The Legend’s Discriminate Modes

These pre-set modes illustrate the precision with which the Legends processing defines what’s under the coil. It’s able to subtract the numeric values that basically correspond with ground minerals and iron. So you can run hearing everything (A), settle the machine down in tough ground (G) or only hear non-ferrous metals (F). The “C” mode allows you to custom notch in (or out) any part of the conductive scale.

However, these notch / Discriminate settings only run in “C” mode.

Let’s look at each of these modes:

“A” This setting lets you run the machine wide open, hearing ground noises and iron. The volume of the iron is adjustable though the Tone Menu. In effect, when you give the signal a broader look at what’s under the coil--the “jump” to reporting a non-ferrous target is less work for it to perform. The downside of this is that small “micro-conductors” and partial responses will come in better. Using this setting increases your ability to hear small gold but requires more testing to weed out those responses that are too small to be anything of value. Overall, it’s the deepest way to run the machine, but requires a better “ear,” more accurate tuning and some patience to sort through the array of sounds. Running 2 Tone is a good way to moderate the number of sounds and by working with the first Tone Break (or Stability control in the “Beach” modes) it’s possible to run high Sensitivity for maximum depth.

“G” This setting is kind of a “midway” point that lets you smooth out any ground noises while still getting more depth than knocking out the wide swath of conductive range that iron occupies. So you are hearing just metal. This can help you to hear or test responses by examining how much iron is present in the signal tone. In dense iron, look for which tone “dominates.” This setting also alerts you as to when you are in dense iron and should slow down and use the coil to try and acquire masked targets. The “G” setting can also help you to parse out a partly masked target by using the coil and watching for which “side” the iron is on to direct your coil movements.

“F” This setting brings the signal to up above the level of iron. Doing this creates a big, broad reject block that has the potential to reduce performance. With a slower, less sophisticated detector--this subtraction would be impossible but with the Legend, these iron responses are “chopped” off quite effectively. At the same time some iron may sound off initially, but then tune out with repeat coil passes as the various frequencies kick in. This setting has the potential to tell you a lot about how distinct from the ground something is. The faster and more readily something “locks on”--the more distinct from the ground it is. Coil control is an important part of this. Once you get a feel for how fast you can sweep over a target without it tuning out--the “F” mode is a great iron checker. (This is limited by the Recovery Speed setting though, as at a certain point you are getting the same “tune out” by overrunning). The problem though (as touched upon above) is that where you are dealing with mixed targets--what’s left of the signal can sound better than it actually is. This often includes bottle caps. The more rust they have-the more broken (or incomplete) they will initially sound.
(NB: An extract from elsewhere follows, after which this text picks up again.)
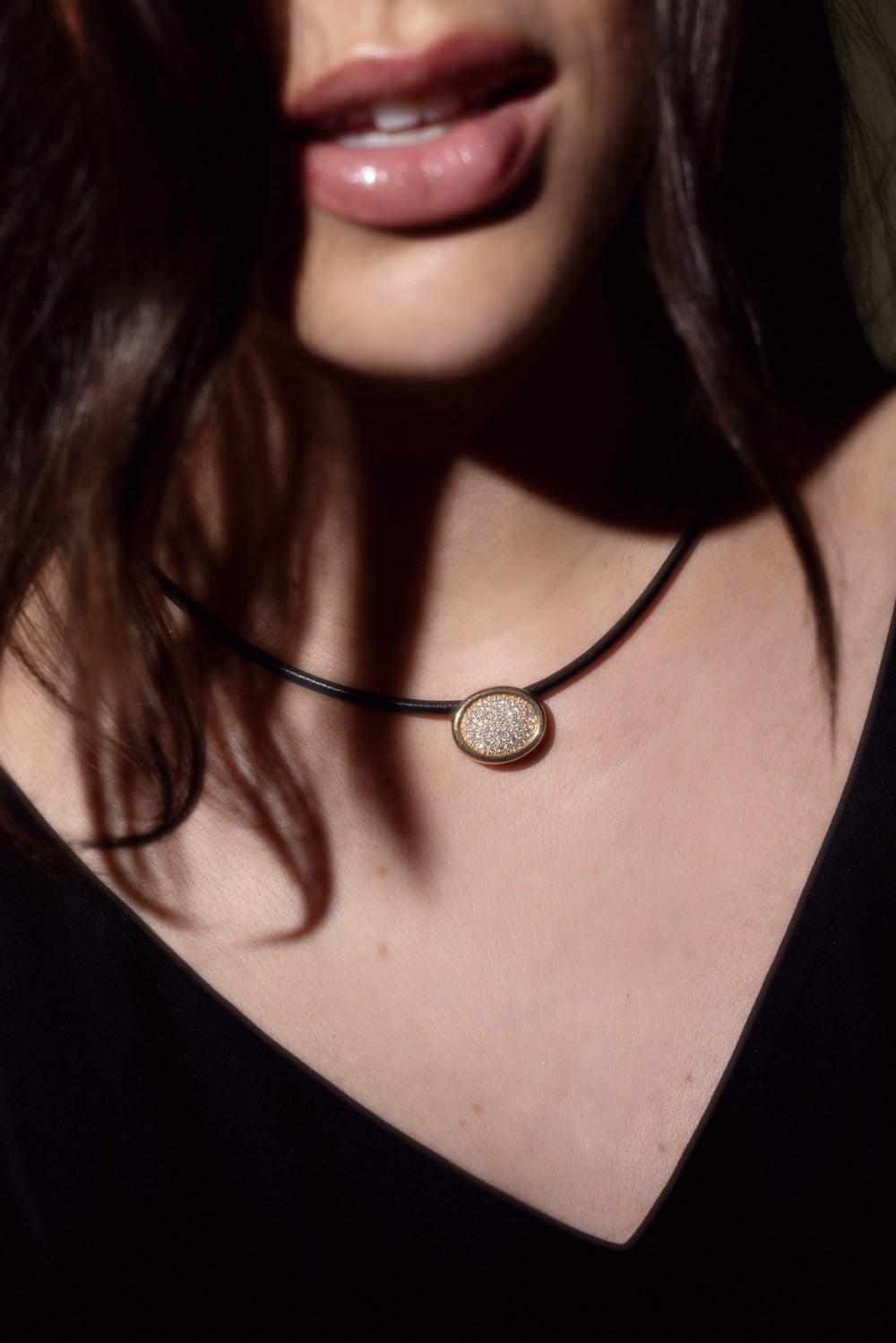 BECK JEWELS-Scuba Leather Choker Necklace-YELLOW GOLD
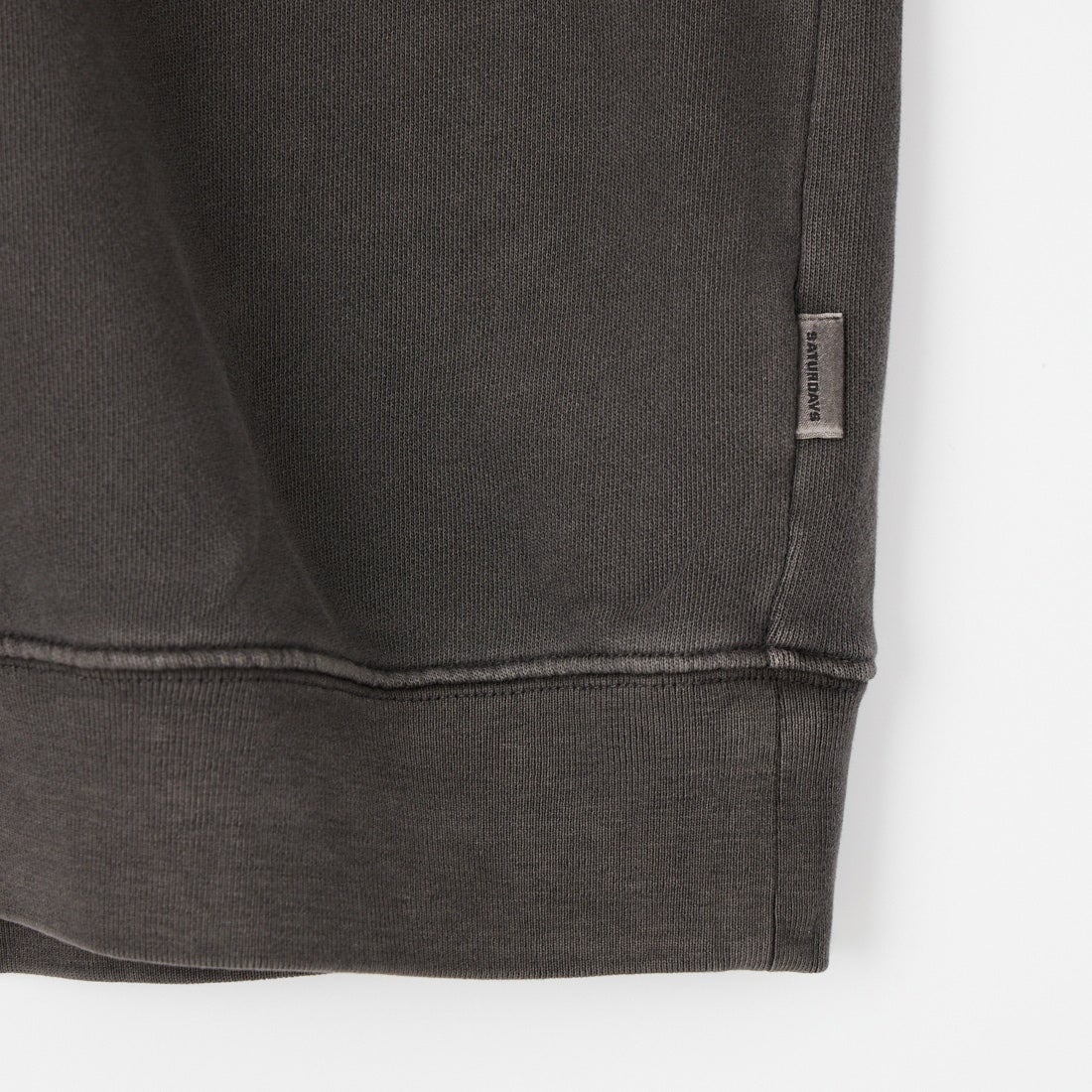 Saturdays NYC [サタデーズ ニューヨークシティ] ELLIOTT ピグメントダイショートスリーブスウェット [BBM26220] FADE BLACK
In dense iron this setting does sound off on big ferrous pieces--but a quick Pinpoint test shows the size if it’s not already evident.

“C” As touched on earlier under Navigation this setting lets you accept or reject any part of the conductive scale that you choose to. Overall, with a detector that’s running multiple frequencies, running “notch” settings has the potential to confound the signal as the machine is being asked to do more processing work. The smaller the “notch” window that you want accepted targets to fall into--the harder it will be to acquire them. This kind of setting may require that you use lowered Sensitivity, a slower sweep speed or a faster Recovery speed. With some practice it’s possible to get a “feel” for how the signal is hitting targets within a notch space--based upon how delicately you have to move the coil to hear a full tone from the target. When you are working with an exact notch, watch out for targets that the broad multifrequency signal will “tune in” with repeated coil passes--ones that would otherwise be rejects. This is also a good illustration of how a multifrequency signal operates.

“C” also lets you adjust what I call the “rust line”--that is the level at which targets are accepted as non-ferrous or begin to break up as iron. (More on this later).

“C” can also be used as a target tester. To do this practice drilling the number of Discriminate button presses needed to take you to “C” from the mode you are searching in and then do your “ID-ing” pass. Overall it’s my opinion that Discriminate and notch type methods work well with this type of (high gain, fast process) detector--keeping you off weak, partial, “mixed” type, “transitory” responses and narrowing down your search to the most promising signals. Because of the Legend’s speed--there’s less of a difference between a setting with rejects than one that’s “wide open.”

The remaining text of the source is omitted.